07 de julho de 2026
Geral

Conta bancária

Patrícia Zamboni
| Tempo de leitura: 3 min

Conta-salário sem tarifas beneficia os assalariados

Texto: Patrícia Zamboni

Uma justa decisão do Conselho Monetário Nacional

(CMN) veio beneficiar os assalariados brasileiros, com a aprovação da resolução que os coloca como isentos de pagar tarifas bancárias sobre a conta-salário, aquela conta que é aberta no banco escolhido pela empresa para o crédito do salário de seus empregados. A partir dessa aprovação, as tarifas bancárias comuns

às movimentações de uma conta corrente tradicional não podem ser cobradas do cliente que tem uma conta usada exclusivamente para receber o seu salário. O economista Reinaldo Cafeo exalta a aprovação dessa resolução como fator totalmente positivo à população, que tem o direito de não precisar abrir uma segunda conta, em outro banco que não aquele no qual possui sua conta corrente, somente para receber o seu próprio salário. Além disso, não é preciso pagar para receber o salário.

O cliente assalariado só pode movimentar a conta através de cartão magnético - que é fornecido gratuitamente

-, fazendo saques eletrônicos ao longo do mês, ou transferindo todo o dinheiro depositado para o banco de sua preferência. A única cobrança que continua a vigorar no momento de fazer o saque ou a transferência do salário é a Contribuição Provisória sobre Movimentação Financeira (CPMF), que é de 0,38% sobre o valor movimentado. A isenção da cobrança dessa tarifa vale para as contas abertas pelo Instituto Nacional do Seguro Social (INSS) para o pagamento de aposentadorias e pensões. Nesses casos, o INSS arca com a CPMF dos aposentados.
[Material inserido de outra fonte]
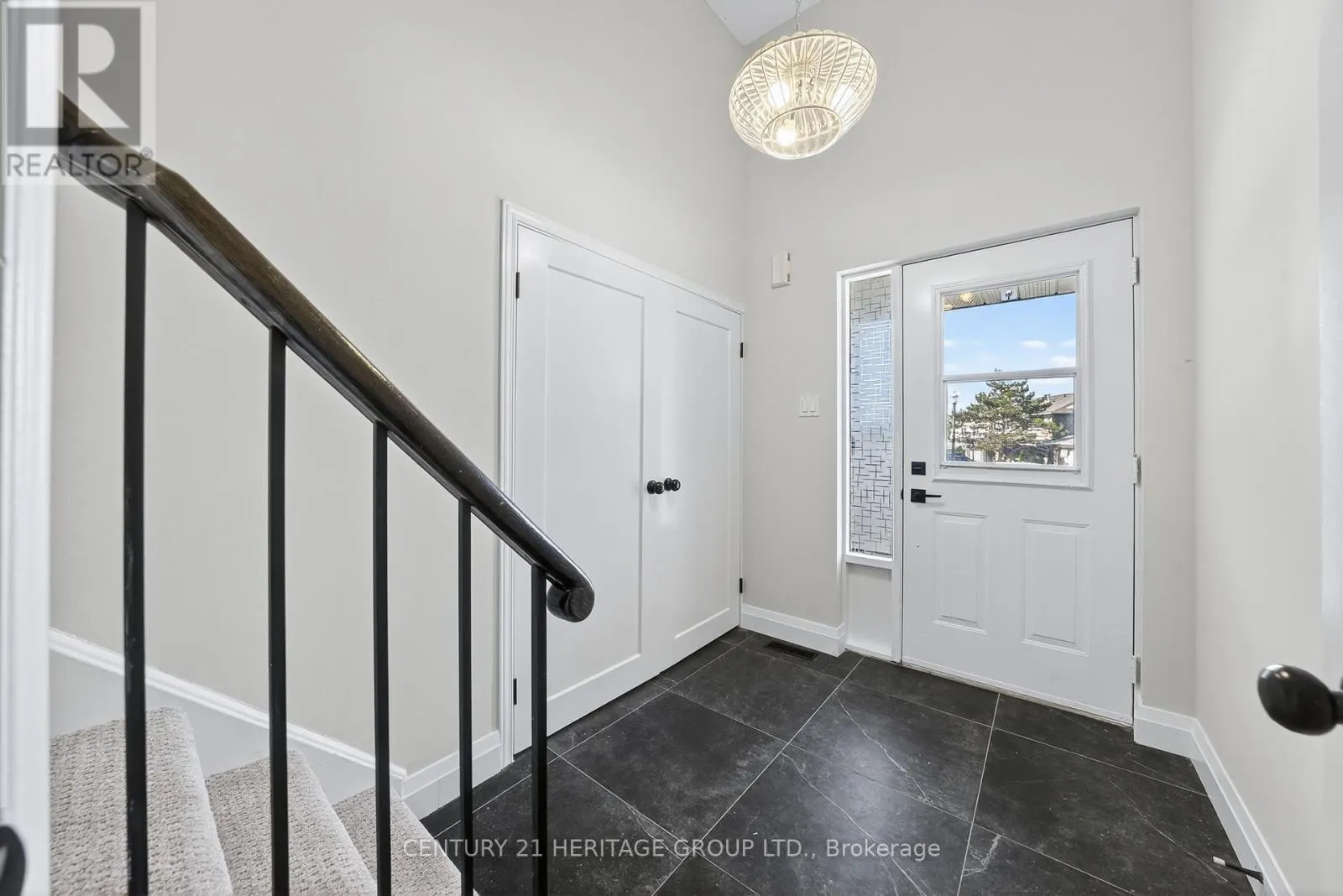 654 GIBNEY CRESCENT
De acordo com o economista Reinaldo Cafeo, o primeiro grande fator positivo para os assalariados é ter o direito de optar pela conta-salário e poder continuar fazendo suas movimentações financeiras tradicionais no banco com o qual já trabalha.

"O primeiro fator positivo é dar a opção, ao trabalhador, de poder receber seu salário sem pagar por isso. Portanto, o grande impacto positivo dessa questão

é que não haverá redução na sua renda mensal. Isso também favorece as pessoas mais idosas, como aposentados e pensionistas, que normalmente preferem trabalhar com dinheiro físico do que com talão de cheques", diz Cafeo.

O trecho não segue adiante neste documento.